Alfonso Eduardo Pérez Orozco, periodista y locutor de radio, íntimo amigo en su día del maestro Antonio Mairena, y colaborador en algunos de los primeros festivales junto a éste, explica que la idea del formato que llegaría a ser la norma en estos festivales, se inspiró en el Festival de Jazz de Newport que celebró su primera edición en 1954.
La movida de los festivales estaba en su auge a comienzos de los años setenta cuando pasaba los veranos siguiendo los más grandes con los artistas más relevantes, organizando mi calendario para no perder nada importante. Las entradas a los grandes festivales costaban el desorbitado precio (para la época) de 400 o 500 pesetas, unos tres euros al cambio actual: más de lo que cobraba por una noche de trabajo en cualquiera de los tablaos madrileños de entonces, cuando un litro de leche en la Calle Amor de Dios costaba 9 pesetas con 70 céntimos.
Estos festivales de “primera generación” no tenían actividades paralelas como conferencias, exhibiciones o charlas en mesa redonda, ni fueron presentados. Todo tenía lugar en una sola noche maratoniana de tanta extensión, que muchos saltaban las primeras horas para estar frescos del todo para los artistas principales que salían los últimos. Había protestas de los intérpretes en ocasiones. Recuerdo un año, no me acuerdo en qué evento, cuando la Susi se rebeló al tener que actuar a las 6 de la mañana después de haberse presentado, como le fue indicado, a las 10 de la noche anterior…¡no es para menos! Y el sonido, siempre nefasto. Pero te acostumbrabas…de alguna manera todo formaba parte del ambiente vivalavirgen en el que los tocaores de cada cantaor se solían decidir en el acto.

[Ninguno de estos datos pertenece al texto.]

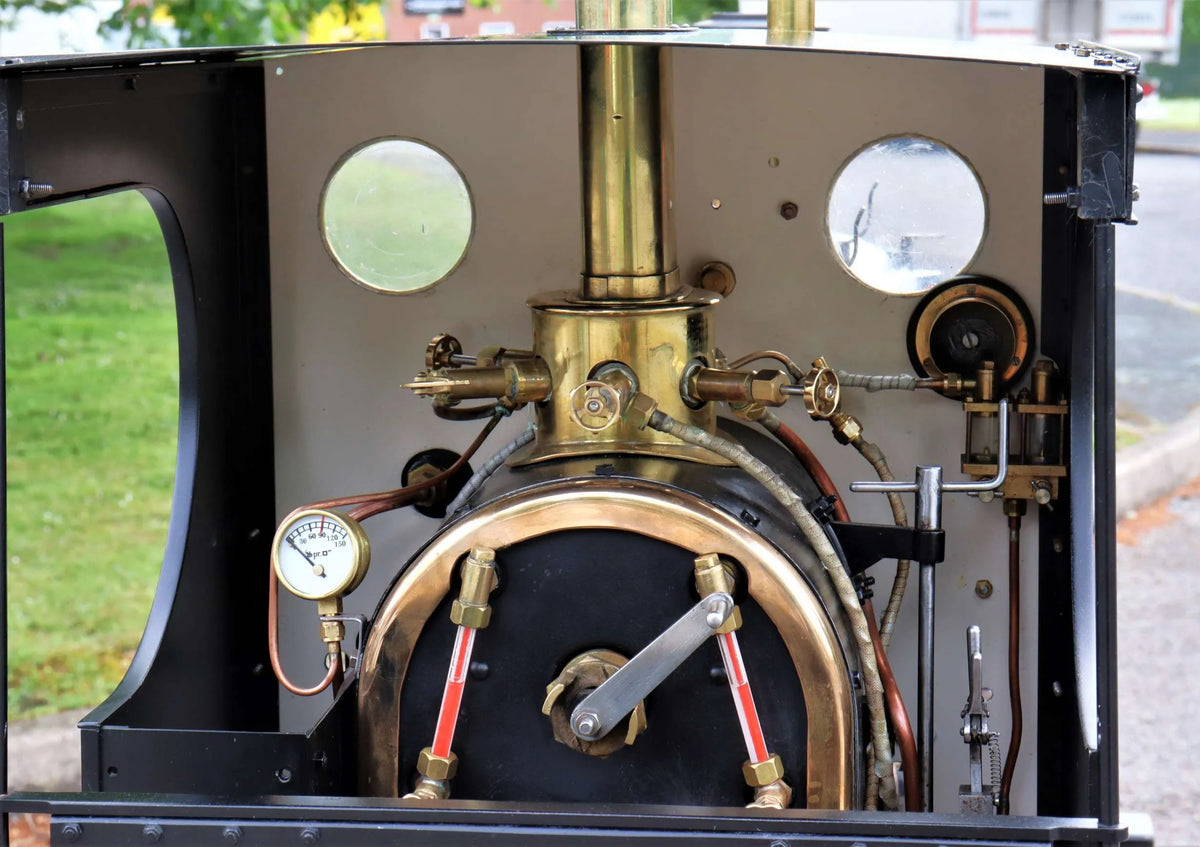3 1/2 inch gauge Hunslet Penrhyn Class 0-4-0ST No.589 "Linda"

En aquellos años, el fin de fiesta, muy lejos del típico momento de “coge el dinero y corre” que hoy en día es la norma, duraba una eternidad. En particular, recuerdo a Antonio Mairena o el Lebrijano, cantando y bailando largo rato y a gustísimo por bulería. No es una exageración romántica: todavía conservo una grabación casera del Lebrijano, 28 minutos de bulería, solito. Es otro tema, ¡los palmeros! Llegado el momento de las bulerías, los cantaores solían pedir “una ayudita”…nunca había escasez de palmeros voluntarios ni de compás de primera.
Muchos festivales han celebrado sus quincuagésimas ediciones en años recientes, o están a punto de hacerlo. El más antiguo, el pionero, es el Potaje Gitano de Utrera, fundado sin intenciones grandiosas en 1957. Otros del “club de los festivales de las bodas de oro” son el Festival de Cante Jondo “Antonio Mairena” (1962), el Gazpacho Andaluz de Morón de la Frontera (1963), el Festival de Cante Grande “Fosforito” de Puente Genil (1966), la Caracolá de Lebrija (1966), la Reunión de Cante Jondo de La Puebla de Cazalla (1967), la Fiesta de la Bulería de Jerez de la Frontera (1967), el Festival de Cante Grande de Ronda (1968) y el Festival de Cante Grande de Casabermeja (1969) entre otros.
Numerosos festivales de menor envergadura han caído, incapaces de financiar o siquiera justificar este tipo de evento aparatoso. Otros se mantienen fieles a las costumbres, y los queremos por eso, más notablemente los de La Puebla de Cazalla y Casabermeja. Muchos de los que quedan ahora tienen una atmósfera moderna, casi fría, con chequeo y cacheo en la entrada, duración corta, cojines en los asientos… Todo muy civilizado, y los dos o tres artistas principales normalmente se esfuman después de actuar, evitando las reuniones informales que antes sucedían después de un festival y que terminaban con churros y chocolate.